Erbschaftsteuer | Kosten für ein Grabdenkmal als Nachlassverbindlichkeiten (BFH)

Zu den Kosten für ein angemessenes Grabdenkmal i. S. des § 10 Abs. 5 Nr. 3 Satz 1 ErbStG können auch Aufwendungen für eine Zweitgrabstätte gehören, wenn die erste Grabstätte nur als vorübergehende Ruhestätte des Verstorbenen bestimmt war (; veröffentlicht am ).

Hintergrund: Gemäß § 10 Abs. 5 Nr. 3 Satz 1 ErbStG sind u.a. die Kosten für ein angemessenes Grabdenkmal als Nachlassverbindlichkeiten abzugsfähig.

Sachverhalt: Der Kläger ist aufgrund gesetzlicher Erbfolge der Alleinerbe seines verstorbenen Bruders (Erblasser). Beide sind muslimischen Glaubens. Der Erblasser wurde im Jahr 2017 bestattet. Die vom Kläger getragenen Kosten für das Grabdenkmal dieser Bestattung betrugen 9.300 €.

Das FA setzte Erbschaftsteuer fest. Der Bescheid erging vorläufig i.
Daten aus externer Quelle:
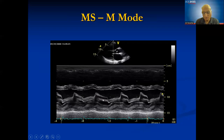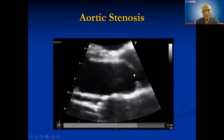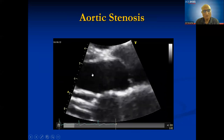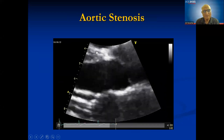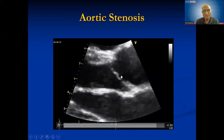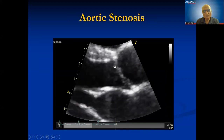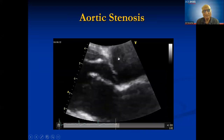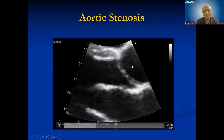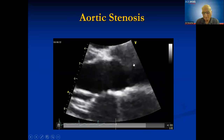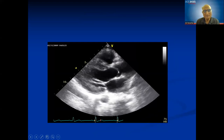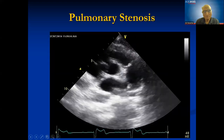In aortic stenosis you see doming of the aortic cusps — a zoomed view shows the cusp doming with convexity toward the aorta, the distal chamber. Both still images and cine loops demonstrate this doming clearly. The principle is the same: thickening of the cusp, restricted opening, and doming toward the distal chamber.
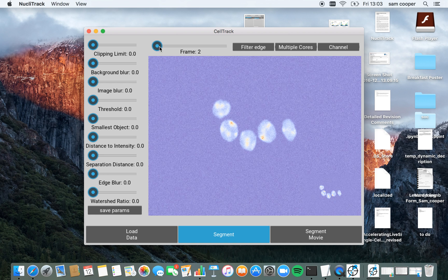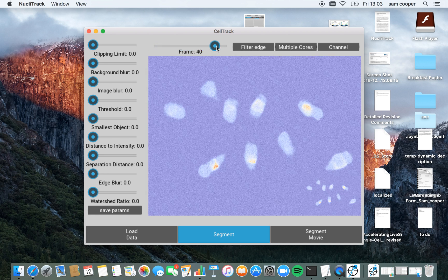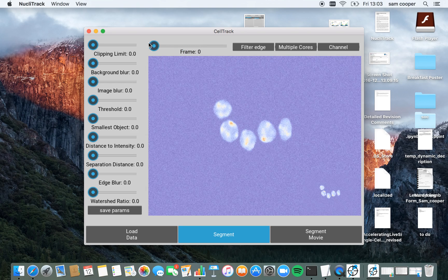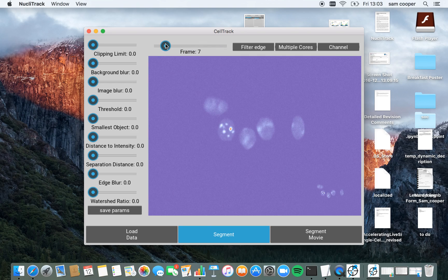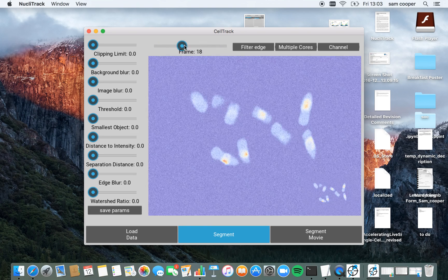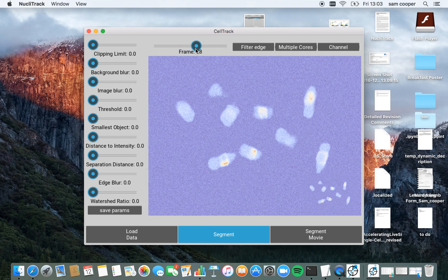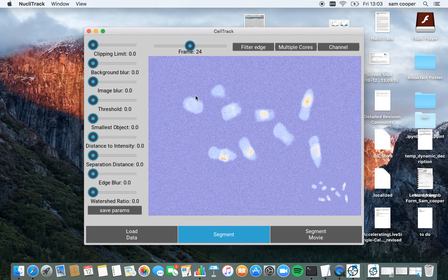I can scroll through the video to see what's going on here. I'm going to choose a good frame now to start segmentation. I'm going to go for this one because here there's lots of nuclei with different things going on.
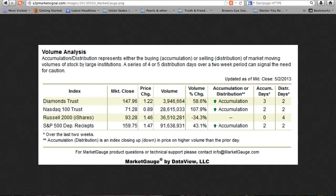In this week's volume analysis, the Russell 2000 ended in neither accumulation nor distribution mode. In the last two weeks, it had zero accumulation days and four distribution days. Of the other indexes, both the S&P 500 deposit receipts and the Diamonds Trust ended in accumulation mode.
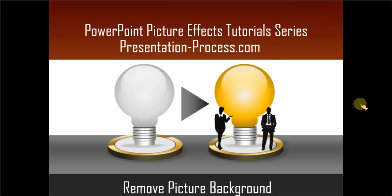Hello, I am Ram Gopal from PresentationProcess.com. In this edition of PowerPoint picture effects tutorial series, you will learn how to remove picture background.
S. des § 165 Abs. 1 Satz 1 AO hinsichtlich der Erbfallkosten, insbesondere der Kosten für ein Grabdenkmal, da der Kläger voraussichtliche Kosten für ein noch zu errichtendes Mausoleum geltend gemacht hatte.

Im Rahmen des Einspruchsverfahrens, in dem der Kläger unter Vorlage eines Bauvertrags für die Errichtung eines Mausoleums 420.000 € als Nachlassverbindlichkeit in Abzug bringen wollte, setzte das FA die Erbschaftsteuer herab. Hierbei ließ es (neben Bestattungskosten und Grabpflegekosten) erstmals Kosten für ein Grabdenkmal i. H. von 9.300 € als Nachlassverbindlichkeit zum Abzug zu. Die Kosten für das Mausoleum berücksichtigte es nicht. Im Übrigen wies das FA den Einspruch als unbegründet zurück und hob den Vorläufigkeitsvermerk auf.

Die hiergegen gerichtete Klage wies das FG als unbegründet ab ().

Der BFH hat die Revision als begründet angesehen, das FG-Urteil aufgehoben und die Sache an das FG zurückverwiesen:

  • Grundsätzlich ist davon auszugehen, dass zu den Kosten für ein angemessenes Grabdenkmal i. S. des § 10 Abs. 5 Nr. 3 Satz 1 ErbStG nur die Aufwendungen für das zeitlich zuerst errichtete Grabdenkmal zählen.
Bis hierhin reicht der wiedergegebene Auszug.